Nie pozwól aby przepadły stare fotografie, filmy czy pamiętniki! Podziel się nimi ze wszystkimi Polakami i przekaż do zasobów Archiwum Narodowego IPN!
OSTRZEŻENIE: NASZA WITRYNA JEST NIEPOPRAWNA POLITYCZNIE I WYRAŻA BEZMIERNĄ POGARDĘ DLA ANTYPOLSKICH ŚCIERW ORAZ WSZELKIEJ MAŚCI LEWACKIEJ DZICZY I INNYCH DEWIANTÓW.
UWAGA: PRZEGLĄDASZ STRONY ARCHIWALNE!
NASZ ZAWSZE AKTUALNY ADRES BIEŻĄCEJ STRONY TO:
tiny.cc/itp2

My i Oni. Początek drogi

Bez podziału na My i Oni, nie byłoby Polski.
Nawet ten twór, zwany III RP powstał z dychotomii różnych postaw i poglądów, choć sprowadzonych do wspólnego mianownika - „historycznego pojednania”.
Bez podziału na My i Oni nie byłoby patriotyzmu, poczucia dumy narodowej, ruchów politycznych czy religijnych.

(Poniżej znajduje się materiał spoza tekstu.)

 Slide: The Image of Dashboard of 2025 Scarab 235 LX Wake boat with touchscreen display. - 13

Bez tego podziału nie byłby możliwy opór przeciwko okupantowi, sprzeciw wobec komuny, wybór między dobrem, a złem.
Dychotomia My – Oni jest w życiu niezbędna.

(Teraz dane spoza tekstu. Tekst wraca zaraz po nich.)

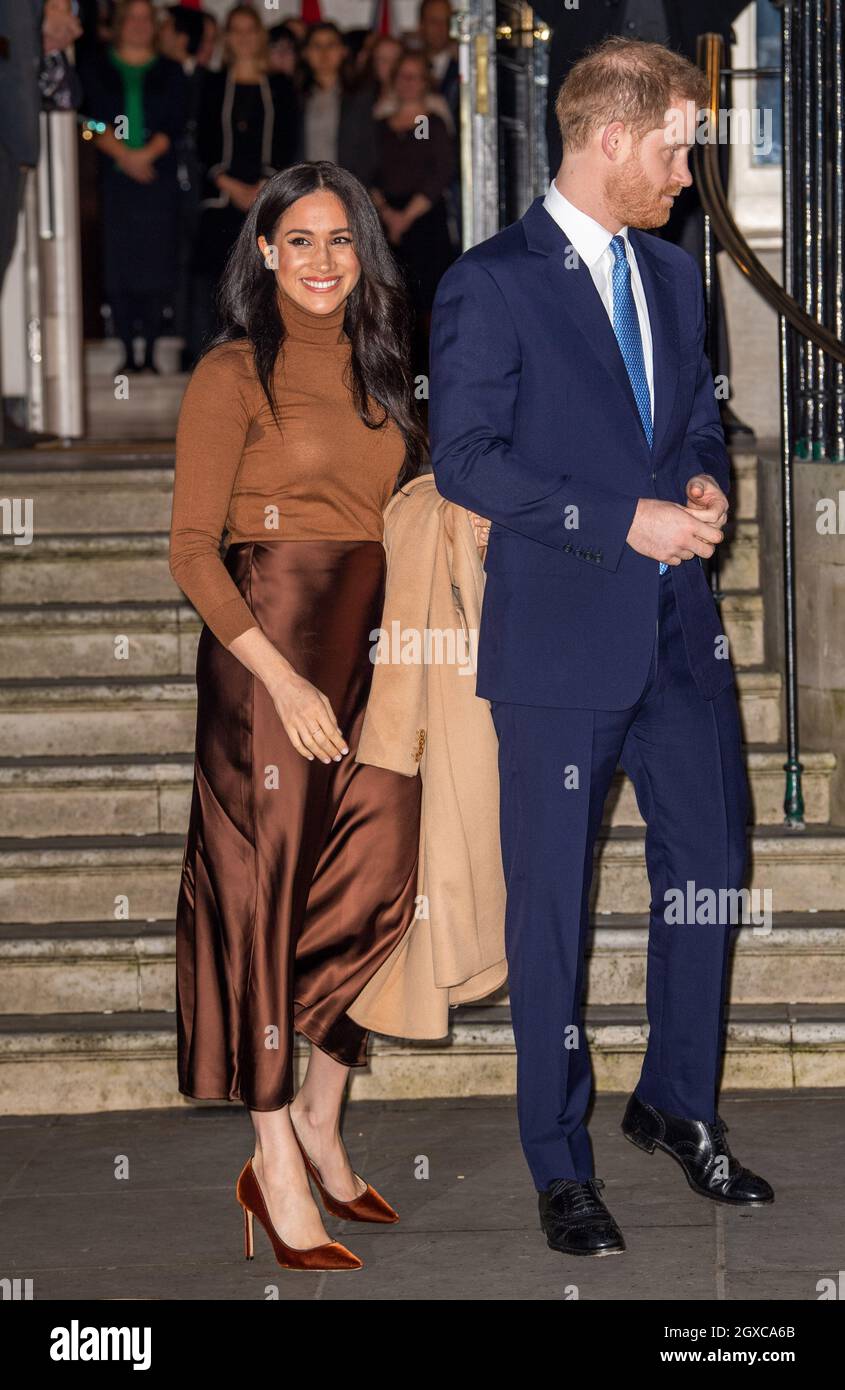 The Duchess of Sussex wearing a brown polo neck top and a Massimo Dutti  skirt, and The Duke of Sussex visit Canada House in London on January 07,  2020 Stock Photo - Alamy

Organizuje i porządkuje nasz świat, pozwala odnaleźć grupową tożsamość, wydobyć się z nieokreśloności 
Bez Oni, nie byłoby My.
Poczucie odrębności wyznacza granice tego, kim jesteśmy, do jakiego kręgu kultury należymy, co identyfikujemy jako nasze. Wskazanie wrogów, nazwanie obcych - pełni ważną funkcję i buduje grupową solidarność. Jest konieczne, by świat stał się uporządkowaną rzeczywistością, a nie chaosem przypadkowych, nienazwanych relacji.
Dlatego Oni boją się podziałów. Boją – szczególnie wówczas, gdy prowadzą do budowania narodu, gdy identyfikują nas wokół wartości godnych miana Polaka.

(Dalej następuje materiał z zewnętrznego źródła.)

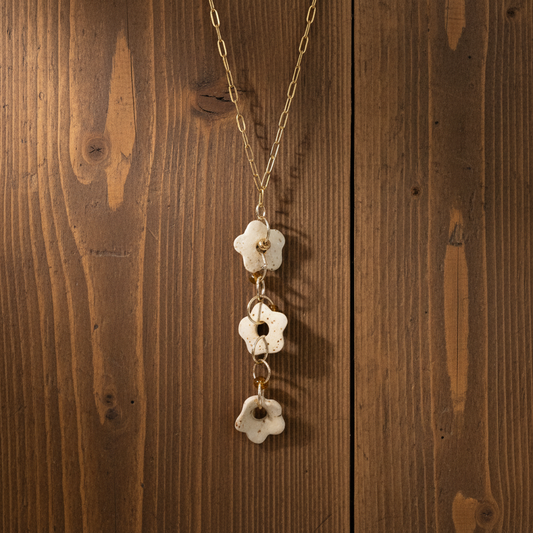 Vertical Flower Necklace on Dark Wood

Dlatego nie pozwolili dobić nam komuny, czyniąc z tego zaniechania największą winę mojego pokolenia.  Choć od dwóch dziesięcioleci dzielą nas sami, według mętnych kryteriów własnego interesu, boją się, gdy to my dokonujemy wyboru wprowadzając kategorię niedostępną dla ich mentalności.
Dziś doprowadzili nas do muru, poza którym nie ma drogi. Dzieląc nas nienawiścią do człowieka prawego, drwiąc z naszych wartości i z naszych marzeń.
Postawili nas pod murem obojętności na zło, przyzwolenia na rządy miernot i kanalii, wymagając zgody dla rzeczy niegodnych i fałszywych. Ale i tego było im mało. Gdy pod ciężarem ich nienawiści zginął mój Prezydent, zażądali od nas milczenia, wezwali do „pojednania” i narodowej amnezji. W imię lęku przed katem. Zniewolenie każąc nazywać „pragmatyzmem”, kłamstwo  - „polityką pojednania”, a zdradę – „racją stanu”. W obronie zafajdanych życiorysów i marnych interesów, narzucają nam semantyczne oszustwo i żądają odstąpienia od nazywania rzeczy po imieniu. Chcą dialektyki, w której prawa oprawcy mierzy się zdolnością do deptania grobów ich ofiar.
Historia nie znosi idiotów i błędów popełnianych ponownie. Doświadcza, lecz uczy.  Dla tych, którzy ją ignorują – bywa bezlitosna i spycha ich w otchłań zapomnienia.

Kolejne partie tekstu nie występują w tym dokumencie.